Start young and easy
You can’t suddenly spring responsibility on a teenager and expect he will know how to follow through. Handing out responsibility to kids needs to start early. Children learn responsibility gradually, the same way they learn to walk and talk. A light switch doesn’t suddenly get flipped when they realize the virtues of being responsible. At the age of 3, children can learn some self-care, like brushing teeth and washing their hands after using the toilet or before eating a meal. They can also put their dirty clothes in the hamper, start putting toys away when it’s clean-up time, and turn the lights off when they leave a room. Another great tip for this is to let your kids participate in the planning of which jobs they will be responsible for, make a schedule that is easy for them to follow, and then stick to it. It’s easier for your child to be responsible if the job is defined.
Teach by example
If you have promised to take your daughter shopping for some cool new bedroom decor, make the trip to the mall this weekend instead of pushing it off again. Be on time when it is your turn to drive the carpool to soccer practice rather than making a sheepish excuse about having to work late. Promise to set aside some time to volunteer at school or at a local community event, then actually do it and involve your child, if possible. It’s difficult to teach your children responsibility if you are not demonstrating it in your own life. It is much easier and more effective to encourage your child to make his bed if you do the same when you wake up. Show how you do it first, then take him to his bedroom.
Praise the effort
When you notice your child’s efforts to mimic you and act responsibly, don’t forget to heap praise on those efforts. If your 5-year-old is feeding the family pet every day as one of her chores without being asked to, let her know you’ve noticed and how appreciative you are that she’s taking her job so seriously. Kids love to help. They want to help. Keep up positive vibes by offering specific praises for actions. “You hung your coat on the hook and I’m proud of you!” Or, “Thank you for emptying the garbage in your room!”

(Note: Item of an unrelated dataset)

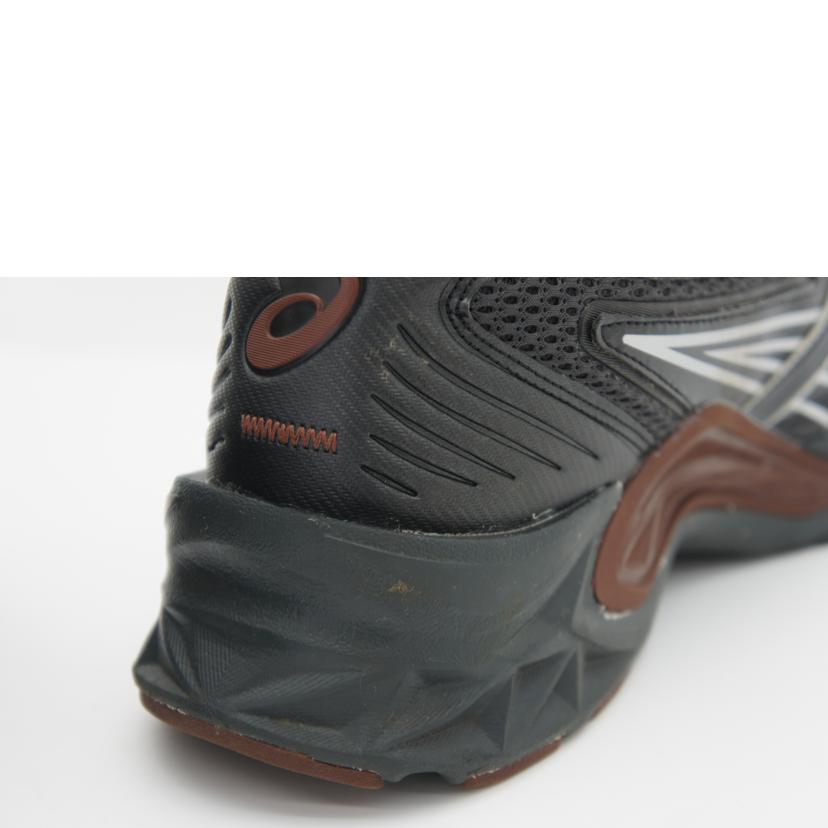 asics アシックス/HN2-S PROTOBLAST/1201A246//ABランク/05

If your kid is always being rescued when he forgets his homework or when he forgets his gym clothes, he is not going to learn that irresponsibility has consequences. For example, if he forgets his Spanish book and calls home only to learn that you are not available to bring the book to school, and he has to stay after school that day to make up the assignment. A clear message that “Mom is not going to bail me out any longer” is being delivered. Learning to take care of his things also helps a child develop a sense of responsibility for his actions. To get your son to clean up after an art project, inform him that he won’t be able to play with his crayons and scissors until the next day if he leaves a messy table. Then you need to follow through and take away his supplies if he shirks his responsibility. The more you enforce the rules, the more likely he is to clean up without being asked.

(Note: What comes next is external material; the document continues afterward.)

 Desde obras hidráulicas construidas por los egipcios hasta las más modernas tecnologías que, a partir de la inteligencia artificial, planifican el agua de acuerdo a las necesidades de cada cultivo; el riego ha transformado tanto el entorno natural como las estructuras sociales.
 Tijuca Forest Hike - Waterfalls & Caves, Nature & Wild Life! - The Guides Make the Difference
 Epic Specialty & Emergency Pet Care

Put structure over rewards
Save rewards for tasks that go above and beyond what you expect to be your child’s normal household responsibilities. Instead of offering rewards to get them to meet responsibilities, set up a morning routine with a positive end result. Your son must brush his teeth, eat breakfast and get dressed before watching TV. In this example, the TV is not being offered as a reward, it is just the result of finishing the routine. Allowing children to create a healthy structure will give them the tools to one day develop strategies for getting homework done without you.